Crawled caption data
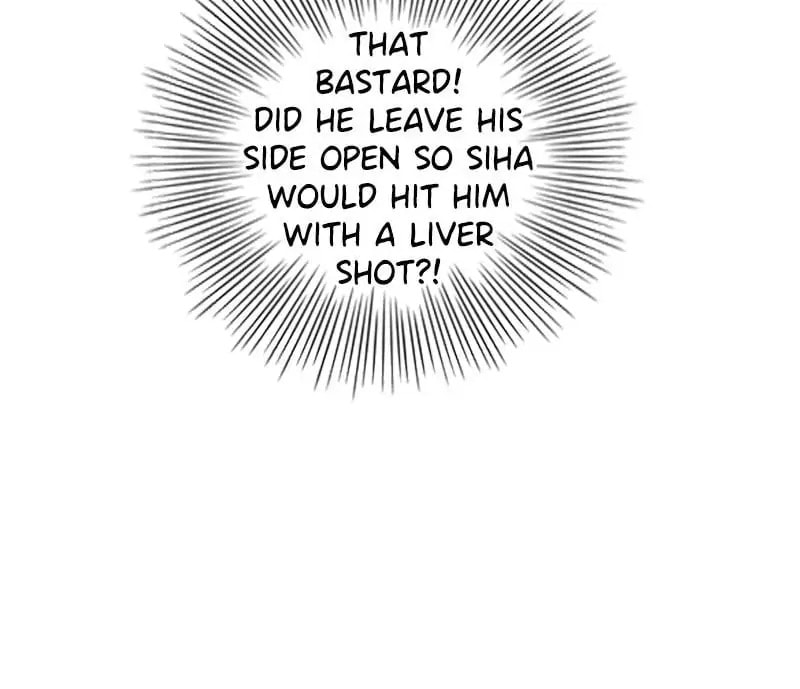 The Boxer Chapter 111 page 76 - 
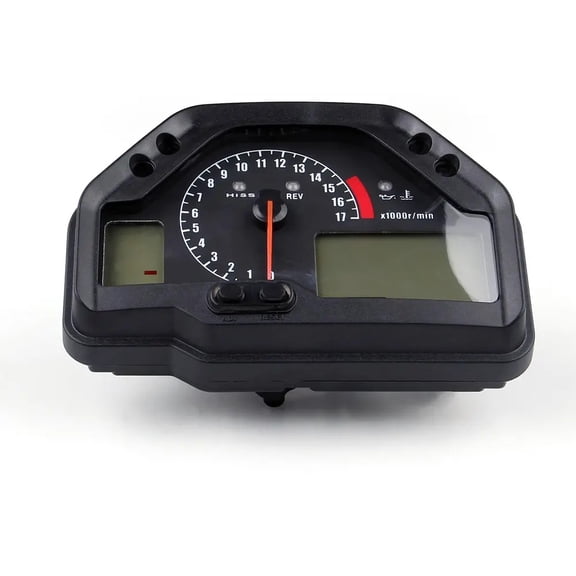 Applicable to Speedometer Dashboard For Honda Cbr600 Rr Cbr600rr 2003-2006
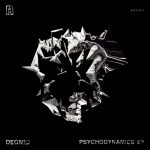 Deomid – Psychodynamics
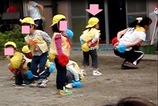dance9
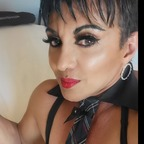 Download hotsexmilf OnlyFans videos and photos for free 

 profile picture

◆ **Required work**: Write all the lines above out again exactly, minus the images.

◆ **Task response**:
 The Boxer Chapter 111 page 76 - 
 Applicable to Speedometer Dashboard For Honda Cbr600 Rr Cbr600rr 2003-2006
 Deomid – Psychodynamics
dance9
 Download hotsexmilf OnlyFans videos and photos for free 

 profile picture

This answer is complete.